The mechanisms underlying the development of POAF remain inadequately understood. Understanding the associated risk factors is essential for adequate prevention and management. POAF occurs in 30%-40% of thoracic and cardiac surgeries, and at a lower incidence of 0.4%-3% presents as new onset POAF in non-cardiothoracic surgeries[3,4,6]. The incidence of new onset POAF varies among different types of non-cardiac surgery. Pooled data from a meta-analysis by McIntyre et al[21] published in 2021, that included 346 studies with more than 5 million patients, reported a 13.4% incidence of new onset POAF in patients undergoing esophagectomy (n = 13421), a 5.4% incidence of new onset POAF in patients undergoing vascular surgery (n = 29135), and a 3.3% incidence of new onset POAF in patients undergoing abdominal surgery (n = 194498). Our findings suggest that non-cardiac procedures with high perioperative stress, such as exploratory laparotomy and lower extremity amputation, can trigger POAF in 13.0% of the population and lead to developing new onset POAF in 7.9% of the population at risk, which could be attributed to the emergent procedure and overall status of critically ill patients admitted in the ICU.

AF is characterized by rapid and ineffective atrial depolarization that may result in an irregular ventricular response and poses significant clinical challenges. In the postoperative setting it typically presents within the first four days following non-cardiac surgery[8,22]. The underlying pathophysiology of POAF is driven by several mechanisms, including the activation of the sympathetic nervous system due to factors like pain, hypovolemia, and hemodynamic instability, alongside electrolyte imbalances such as hypokalemia and hypomagnesemia. Additional contributing factors include hypoglycemia, hypoxia, hypervolemia due to aggressive fluid resuscitation, and overt inflammatory response. Predictive factors for POAF include advanced age, male gender, a history of cardiovascular disease (such as CHF, peripheral arterial disease, prior history of arrhythmia), and extensive surgery[8,11,12,23]. This multifaceted etiology highlights the complexity of POAF and emphasizes the importance of identifying at risk patients and addressing these triggers.

POAF has several detrimental effects on cardiopulmonary hemodynamics, particularly when the ventricular rate is not controlled.
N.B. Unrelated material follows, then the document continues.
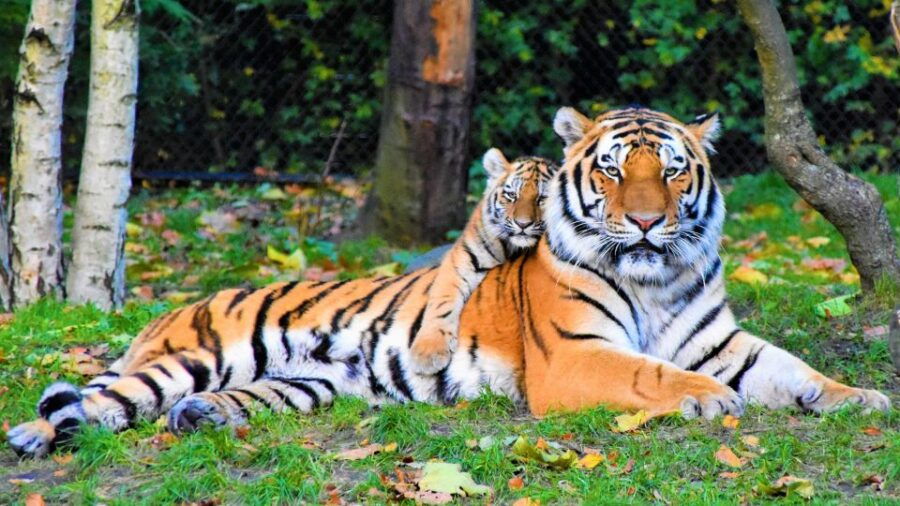 From Nagpur: Pench Wildlife Private Tour With Accommodation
The loss of atrial contraction (atrial kick) results in decreased diastolic filling time, leading to a reduction in stroke volume and cardiac output. This is particularly critical in patients with compromised ventricular function or those undergoing surgery with significant intravascular and extravascular volume changes[24,25]. Further, the irregular rapid ventricular rate increases the myocardial oxygen demand and results in myocardial ischemia, particularly in individuals with underlying CAD. These hemodynamic disturbances can lead to complications such as hypotension, acute exacerbation of CHF, MI, stroke, systemic embolism, and death[2].

POAF can be paroxysmal or persistent, asymptomatic or with symptoms, and has been associated with higher risk of AF recurrence[15,21,26,27]. POAF symptoms are diverse and often non-specific and may include palpitations, fatigue, shortness of breath, chest pain, hypotension, dizziness. In patients without symptoms, complications such as stroke or systemic embolism may be the first manifestation, especially in patients who are not receiving treatment dose anticoagulation. The diagnosis of AF in the perioperative setting relies heavily on electrocardiographic monitoring. AF is characterized by an irregular rhythm with no discernible P waves on the electrocardiogram, reflecting the disorganized atrial depolarization. Transthoracic echocardiography (TTE) is useful for assessing atrial size, ventricular function, and the presence of structural heart disease. Parameters such as LA volume indexed for body surface, peak atrial longitudinal strain, and total atrial conduction time have been shown as valuable predictors of POAF[28].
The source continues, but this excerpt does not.